> [ABOUT THIS EXERCISE] One range is to be output from the listing below, exactly as written: the line with "The Ups and" to the line with "Mayan Gold Printed", both kept.

> [LISTED RECORDS]

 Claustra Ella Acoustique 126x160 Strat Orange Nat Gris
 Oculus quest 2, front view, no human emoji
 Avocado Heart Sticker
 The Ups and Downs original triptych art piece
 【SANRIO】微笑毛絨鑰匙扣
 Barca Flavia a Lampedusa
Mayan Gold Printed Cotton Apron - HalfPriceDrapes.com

---

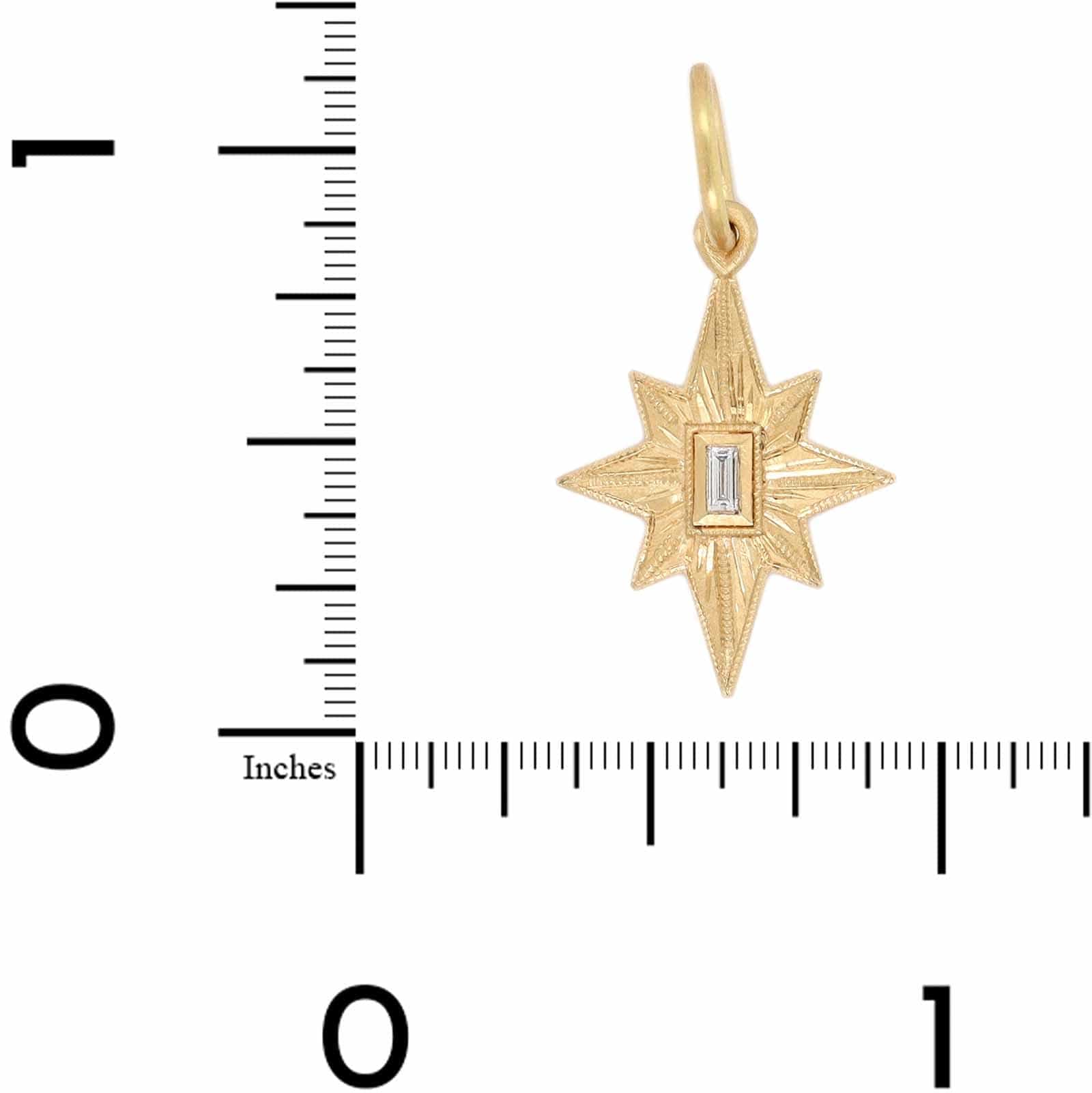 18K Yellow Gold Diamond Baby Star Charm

> [COMPLETED EXERCISE]
 The Ups and Downs original triptych art piece
 【SANRIO】微笑毛絨鑰匙扣
 Barca Flavia a Lampedusa
Mayan Gold Printed Cotton Apron - HalfPriceDrapes.com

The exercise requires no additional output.